"Tujuh tahun aku hidup di neraka jalanan, menjadi pembunuh, hanya untuk satu tujuan: membunuh Adipati Guntur yang membantai keluargaku. Aku berhasil. Lalu aku bertaubat, ganti identitas, mencoba hidup normal.
Takdir mempertemukanku dengan Chelsea—wanita yang mengajariku arti cinta setelah 7 tahun kegelapan.
Tapi tepat sebelum pernikahan kami, kebenaran terungkap:
Chelsea adalah putri kandung pria yang aku bunuh.
Aku adalah pembunuh ayahnya.
Cinta kami dibangun di atas darah.
Dan sekarang... kami harus memilih: melupakan atau menghancurkan satu sama lain."
Karya ini diterbitkan atas izin NovelToon Dri Andri, isi konten hanyalah pandangan pribadi pembuatnya, tidak mewakili NovelToon sendiri
BAB 1: KEBAHAGIAAN TERAKHIR
Malam itu, hujan turun dengan lembut di atas atap seng rumah sederhana keluarga Rafael. Suara tetesannya menciptakan musik yang menenangkan, berpadu dengan tawa hangat yang mengalun dari ruang makan kecil berukuran tiga kali tiga meter.
"Papa! Itu curang! Kamu mengintip kartuku!" Elena, gadis berusia sepuluh tahun dengan rambut dikepang dua, memonyongkan bibirnya sambil menutup kartu UNO di tangannya.
Jonathan Rafael tertawa—tawa yang tulus, yang membuat kerutan di sudut matanya semakin dalam. Di usianya yang empat puluh dua tahun, wajahnya mulai menunjukkan bekas lelah dari bertahun-tahun bekerja sebagai jurnalis investigasi. Tapi malam ini, di tengah keluarga kecilnya, ia tampak seperti pria paling bahagia di dunia.
"Papa tidak mengintip, sayang. Kamu yang terlalu jelas menunjukkan ekspresimu," jawab Jonathan sambil mengacak rambut Elena dengan penuh sayang.
Clara, sang istri, keluar dari dapur dengan nampan berisi empat gelas teh manis hangat. Wanita berusia tiga puluh delapan tahun itu tersenyum melihat pemandangan di hadapannya—suaminya dan putri bungsunya tengah berdebat kecil tentang permainan kartu, sementara Alex, putra sulungnya yang berusia lima belas tahun, duduk di sampingnya sambil tersenyum tipis.
"Sudah, sudah. Jangan berantem terus," kata Clara sambil meletakkan gelas-gelas itu di meja. "Ini teh manis untuk kalian. Ayo istirahat dulu."

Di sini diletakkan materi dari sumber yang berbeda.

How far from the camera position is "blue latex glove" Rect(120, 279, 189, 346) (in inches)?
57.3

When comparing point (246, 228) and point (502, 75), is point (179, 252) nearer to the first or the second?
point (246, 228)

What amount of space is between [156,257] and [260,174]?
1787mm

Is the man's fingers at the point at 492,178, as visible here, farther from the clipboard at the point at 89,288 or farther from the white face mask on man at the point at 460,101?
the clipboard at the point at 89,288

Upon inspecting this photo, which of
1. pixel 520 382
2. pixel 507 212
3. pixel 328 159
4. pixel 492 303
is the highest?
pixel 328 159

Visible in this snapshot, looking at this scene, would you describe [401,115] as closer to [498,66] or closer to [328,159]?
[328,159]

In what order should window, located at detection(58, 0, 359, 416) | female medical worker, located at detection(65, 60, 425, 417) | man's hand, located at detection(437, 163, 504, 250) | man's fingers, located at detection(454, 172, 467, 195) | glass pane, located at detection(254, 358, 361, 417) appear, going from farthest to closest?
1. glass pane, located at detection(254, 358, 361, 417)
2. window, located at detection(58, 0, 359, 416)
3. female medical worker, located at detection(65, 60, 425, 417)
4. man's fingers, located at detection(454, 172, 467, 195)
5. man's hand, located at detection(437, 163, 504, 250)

Alex mengambil gelasnya, menyesap perlahan. Ia memperhatikan keluarganya—ayahnya yang sedang memeluk Elena sambil berpura-pura menyerah, ibunya yang duduk di samping ayahnya sambil bersandar di bahu sang suami. Hangat. Sederhana. Sempurna.
Rumah mereka memang kecil. Cat dindingnya sudah mengelupas di beberapa bagian. Lantai keramiknya retak di sana-sini. Meja makan kayu mereka sudah usang, permukaan vernisnya terkelupas. Tapi di rumah ini, ada cinta. Ada tawa. Ada kehangatan yang tidak bisa dibeli dengan uang.
"Alex, kenapa kamu diam saja?" tanya Clara, memperhatikan putra sulungnya. "Kamu tidak ikut main?"
Alex menggeleng. "Aku lebih suka nonton Mama, Papa, sama Elena main."
Jonathan menatap putranya, ada kebanggaan di matanya. "Kamu sudah besar, ya, Nak. Dulu kamu yang paling ribut kalau main kartu."
"Papa..." Alex ragu sejenak. "Besok Papa benar-benar akan mempublikasikan artikel itu?"
Suasana di ruangan itu berubah. Clara menatap suaminya dengan raut wajah khawatir. Elena, yang belum sepenuhnya mengerti, hanya menatap bingung.
Jonathan menarik napas panjang. Ia meraih tangan istrinya, menggenggamnya erat. "Ya, Alex. Besok pagi."
"Tapi... bukankah itu berbahaya?" Alex menunduk. "Aku dengar beberapa jurnalis yang mengungkap korupsi... mereka..."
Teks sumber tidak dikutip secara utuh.